Tym, co w dużej mierze kojarzy mi się z publikacjami
Musso, są różnej miary sekrety i tajemnice. Podczas lektury jego książek
czytelniczy mierzą się z często wypełniającymi myśli pytaniami, z których
większość znajduje odpowiedzi dopiero pod koniec historii. Autor skłania swych
fanów do myślenia, zastanawiania się, szukania rozwiązań i prowadzenia
amatorskiego śledztwa, którego celem jest samodzielne dopasowanie do siebie wszystkich
elementów książkowej układanki. Nowy tytuł to również tego typu łamigłówka,
gratka dla osób, które lubią kombinować, przepracowywać w głowie scenariusze,
szukać rozwiązań.
A co lubi Musso? Igrać ze swoimi czytelnikami. Podsuwać
im fałszywe tropy.
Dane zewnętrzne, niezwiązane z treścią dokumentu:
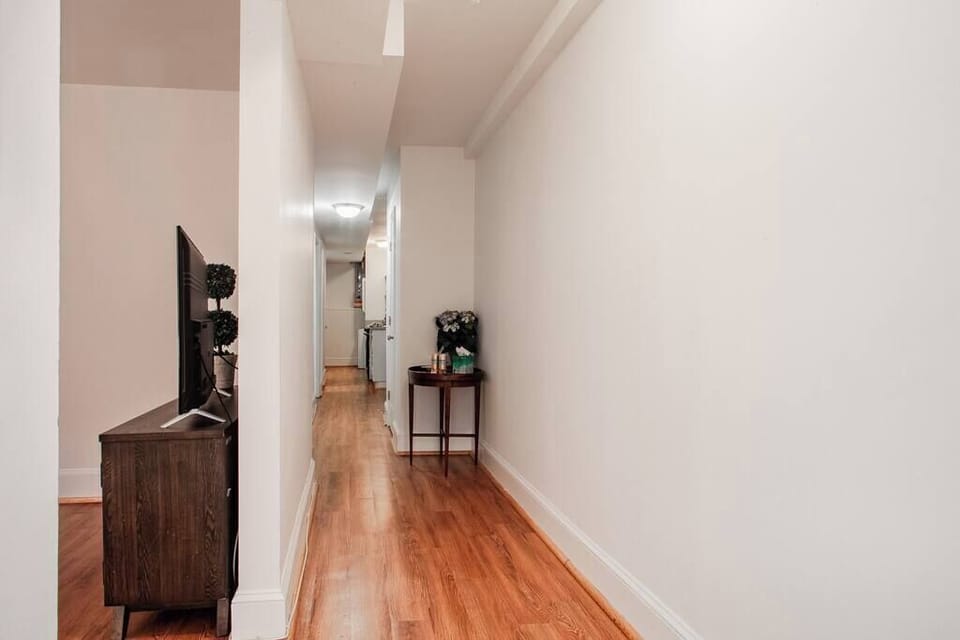 Stunning wood floor hallway in Washington DC apartment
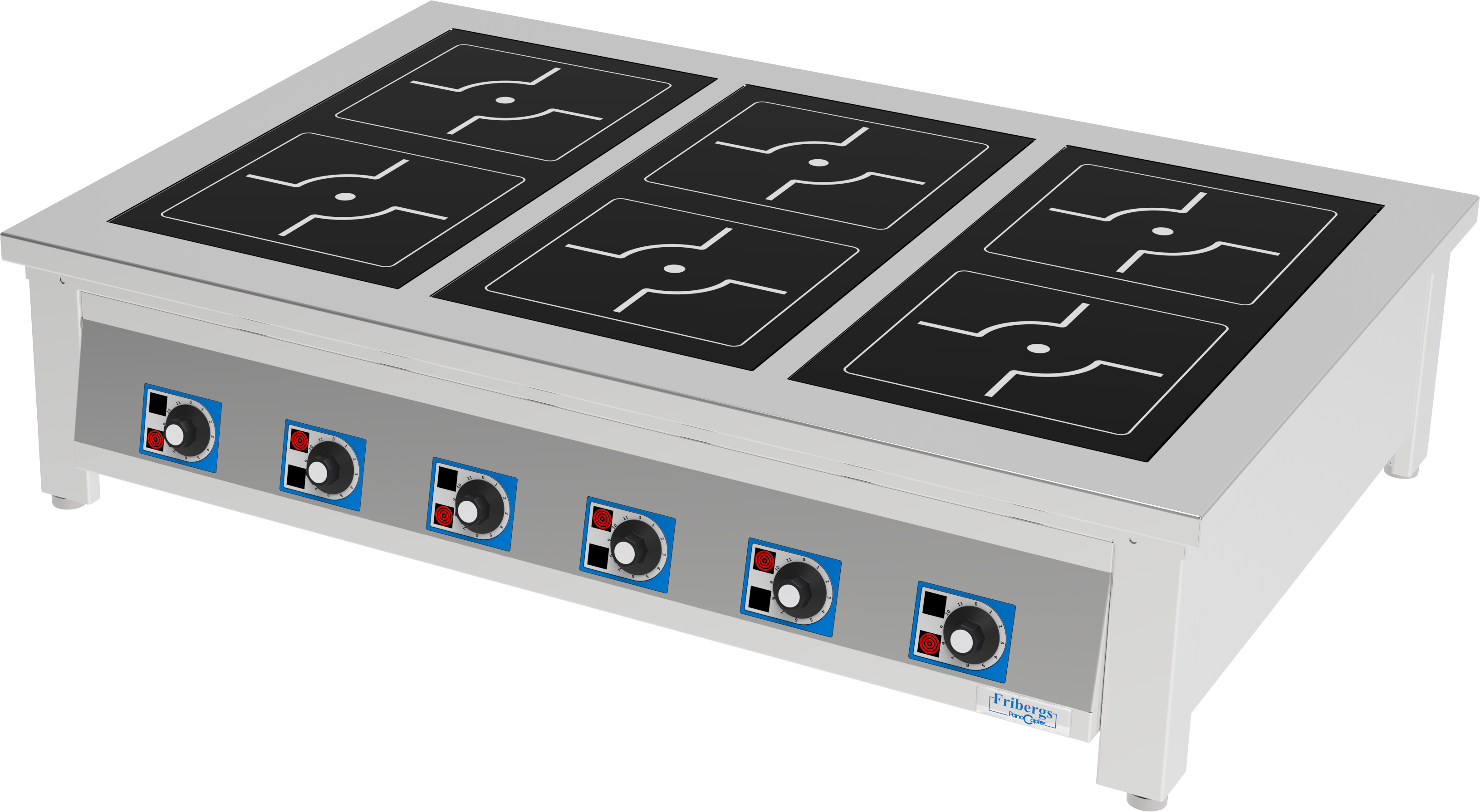 Fribergs - Induktionsspis - FSIB6029 Pro - 6 plattor 30kW - Arbetsyta 6 zoner 250x250mm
Zmieniać bieg wydarzeń. Pogłębiać tajemnice. Wprowadzać nowe
fakty. Mieszać informacje. Autor bawi się z nami w kotka i myszkę. Niczym magik
wyciąga z rękawa kolejne asy, pokazując, że niczego nie możemy być pewni. Jak wspomniałam
już na początku, jego książki nie każdemu się spodobają. Dlaczego? Bo opisywane
historie są nieco przewrotne i trochę dziwne, lekko nieprawdopodobne i odrobinę
przekombinowane. To opowieści, na które warto spojrzeć z przymrużeniem oka i
lekkim dystansem, doceniając powiew świeżości, barwę wyobraźni i oryginalny
styl autora.
„Nieznajoma z Sekwany” to coś na pograniczu interesującego
kryminału i przyjemnej książki obyczajowej z nutką ironii i delikatnym historycznym
zabarwieniem. Musso w charakterystyczny dla siebie sposób łączy i miesza ze
sobą elementy kojarzone z różnymi gatunkami literackimi, sprawiając, że całość
staje się bardziej interesująca, barwna, nietypowa i może trafić do gustu
większej liczbie czytelników. Miejscami jego historia jest nieprawdopodobna, a
nawet mało realistyczna, ale podczas lektury czuć jego pióro i widać jego
zamysł. Nie sposób nie docenić tego, jak konstruuje swoje opowieści, łączy
poszczególne wątki, rozwija fabułę i prowadzi czytelnika do finału. Choćbym chciała,
to nie potrafię niczego mu zarzucić. Bo to szaleństwo Musso szalenie mi się
podoba.
Nowa książka francuskiego autora to wspaniałe i
nietypowe śledztwo, w którym każdy z bohaterów uczestniczy po trochu i każdy
dodaje do niego coś od siebie. Sprawa okazuje się dość zawiła i bardziej
skomplikowana, niż można by się spodziewać, a dziwne tropy sprowadzają nas na
manowce. Historia jest jednak na tyle zajmująca, a w książce tak dużo się
dzieje, że kiedy zaczynamy lekturę i pozwalamy się jej pochłonąć, to strony
umykają w zaskakującym tempie, szybko prowadząc do sceny finałowej. Przez cały
czas czułam się zaintrygowana i zaangażowana, a poznanie tej historii
przyniosło mi wiele radości.
„Nieznajoma z Sekwany” to kolejny tytuł Musso, który
szczerze lubię i z lekkim sercem mogę polecić. Być może nie jest to
majstersztyk, z pewnością autor napisał już lepsze książki, ale i tej niczego
nie brakuje. Przyjemna, pomysłowa, zaskakująca, dopracowana, dobrze napisana. Mnie
to w zupełności wystarczy.
Mam tę książkę na czytniku, więc w wolnej chwili na pewno przeczytam.